RAMALLAH — Wearing traditional costumes and dancing the traditional dabke, a dozen male and female actors move across the stage dominated by an image of a white horse. For the last two months, Ramallah-based Wishah Popular Dance Troupe has been performing a musical inspired by one of the cornerstones of Palestinian literature: Ibrahim Nasrallah’s “Time of White Horses.”
In the novel, Nasrallah — winner of the 2018 Arab Fiction Award — weaves the saga of a Palestinian family by starting toward the end of the Ottoman rule in Palestine and continuing all the way to the Nakba, the establishment of the Israeli state in 1948. With its tapestry of traditions, values, conflicts and alliances, the novel provides a strong narrative of the history and identity of the Palestinians. The relationship between Khaled, a young man from the village of Hadiya, and his white mare becomes a symbol of descending tyranny with one colonizer after the other attempting to take control of the lands and Khaled’s most treasured possession, his horse.
The musical, called “Khayl” — which means "horse" in Arabic — takes only one of the stories of the multigenerational novel. It revolves around Khaled, the main character who lives in the village of al-Hadiya in the district of Haifa, where hard living conditions are further coupled with high taxes demanded by the Sublime Porte. When the villagers refuse to pay their taxes, armed Ottoman gendarmeries arrive to confiscate their properties. The soldiers try to take Khaled’s horse as well, but the protagonist stands up to them with a rifle in hand, ready to escape the village on horseback and become a fighter.
The musical, performed in Ramallah last March and at Lourdes University in Ohio this April, consists of 21 musical scenes all performed with traditional dabke and lyrics based on the novel and sung by a chorus.
“The novel is compelling. It reflects the Palestinian identity while charting the events of a historical era.

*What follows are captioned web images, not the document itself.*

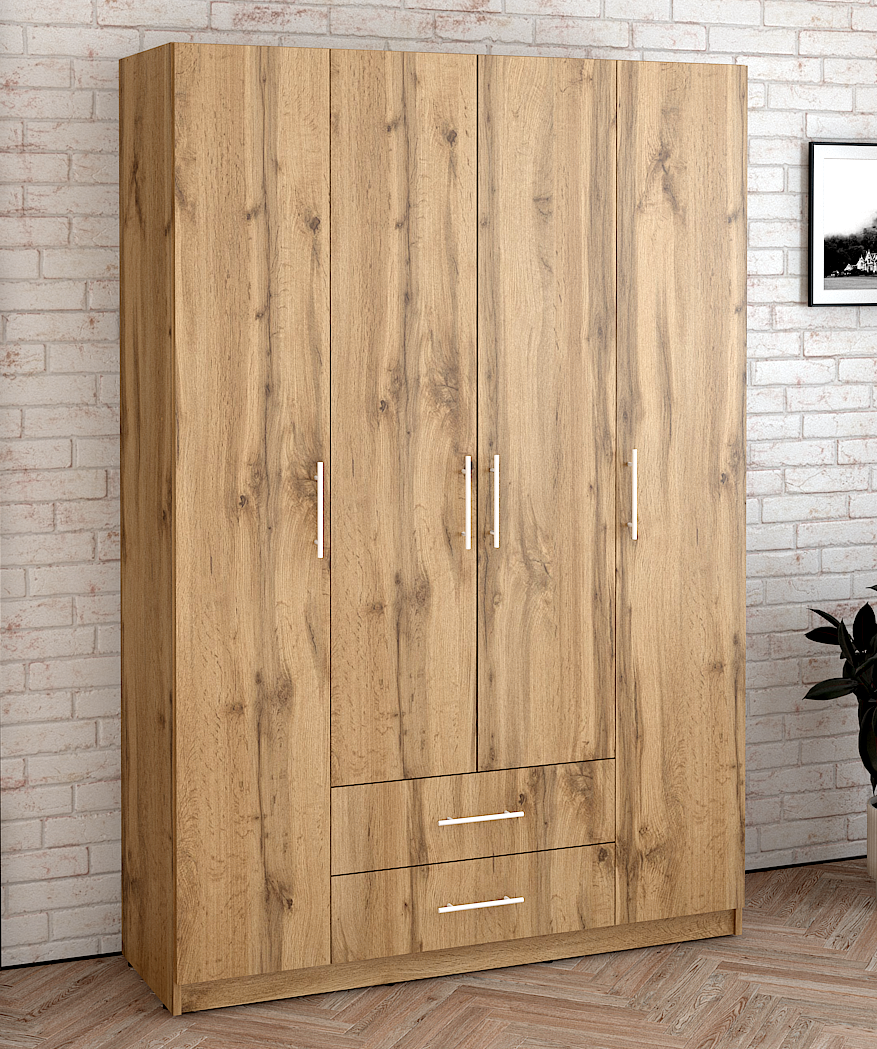 Шафа Стандарт 2/4 1286х1900х416 мм Дуб аппалачі - фото 1 Шафа Стандарт 2/4 1286х1900х416 мм Дуб аппалачі - фото 1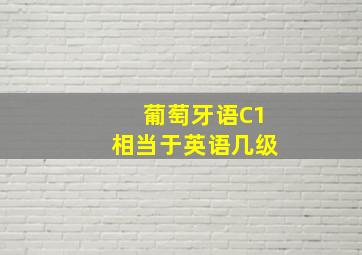 葡萄牙语C1相当于英语几级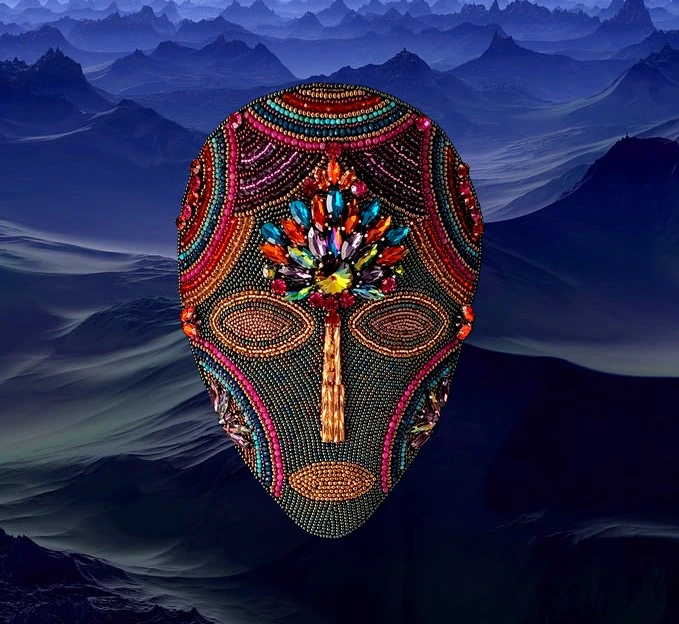 Masque artisanal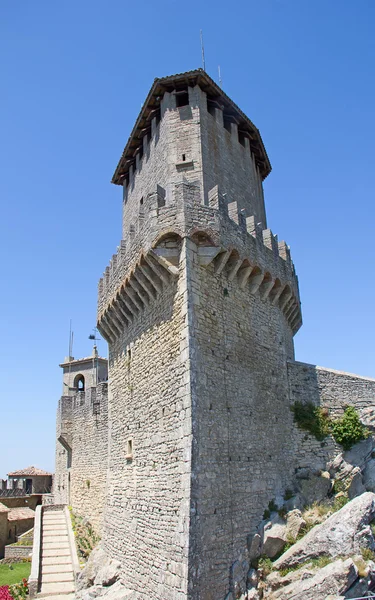 Ancient fortifications of the San Marino — Stock Photo, Image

It is a mixture of joy and sadness, vibrant, full of stories. Adapting a musical from the novel was a great pleasure,” Mohammad Atta, founder of the Wishah Popular Dance Troupe and choreographer of the play, told Al-Monitor. He added, “'Time of White Horses’ embodies a large chapter of the epic chronicles of the Palestinian people’s struggle for their rights that have been going on for more than 100 years.”
He also admitted that the novel, some 500 pages, was not easy to bring to the stage, “The show, which combines dancing, singing and cinematographic effects, was a major challenge for the group,” Atta said.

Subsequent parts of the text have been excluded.